In the material below, print every line exactly and omit the pictures.

Data excerpt
────────

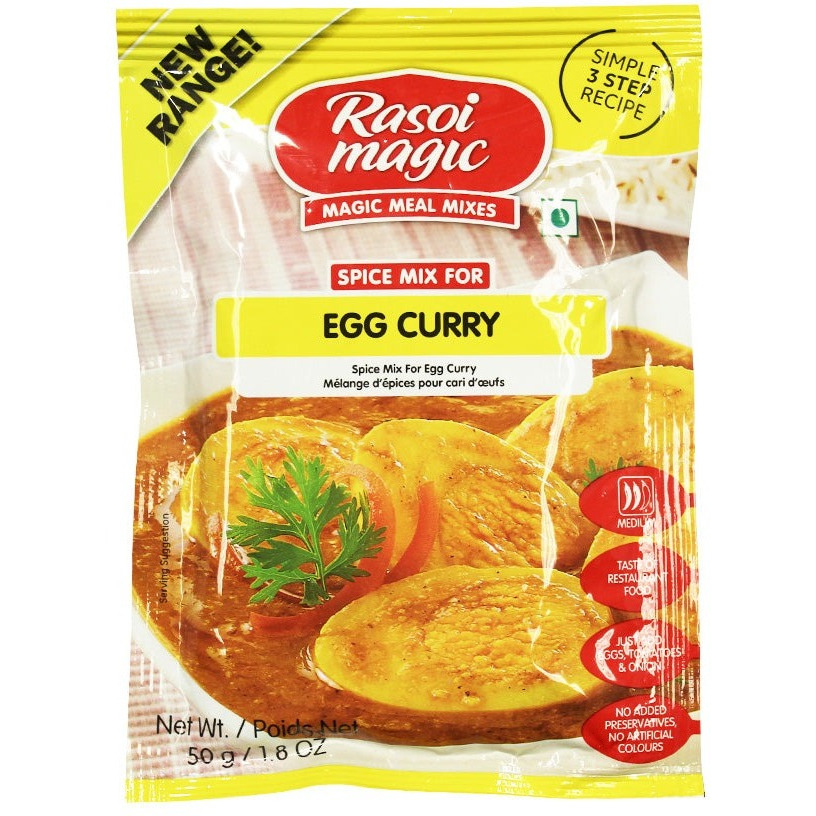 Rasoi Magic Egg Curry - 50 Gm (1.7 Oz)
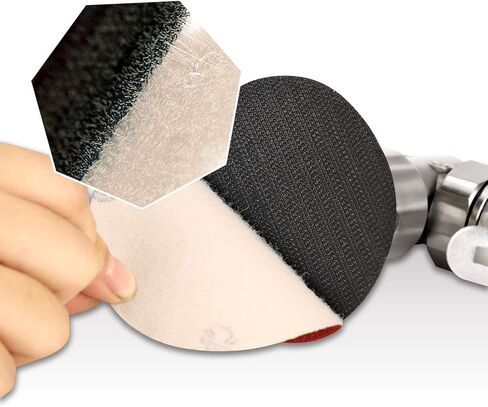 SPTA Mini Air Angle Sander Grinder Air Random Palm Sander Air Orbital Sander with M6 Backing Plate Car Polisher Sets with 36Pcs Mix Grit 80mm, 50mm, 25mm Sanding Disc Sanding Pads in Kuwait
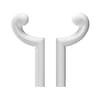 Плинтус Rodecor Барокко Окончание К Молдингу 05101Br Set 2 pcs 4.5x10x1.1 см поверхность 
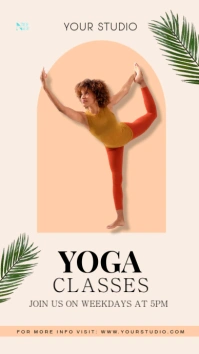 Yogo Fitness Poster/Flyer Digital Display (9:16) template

────────

Completed exercise
 Rasoi Magic Egg Curry - 50 Gm (1.7 Oz)
 SPTA Mini Air Angle Sander Grinder Air Random Palm Sander Air Orbital Sander with M6 Backing Plate Car Polisher Sets with 36Pcs Mix Grit 80mm, 50mm, 25mm Sanding Disc Sanding Pads in Kuwait
 Плинтус Rodecor Барокко Окончание К Молдингу 05101Br Set 2 pcs 4.5x10x1.1 см поверхность 
 Yogo Fitness Poster/Flyer Digital Display (9:16) template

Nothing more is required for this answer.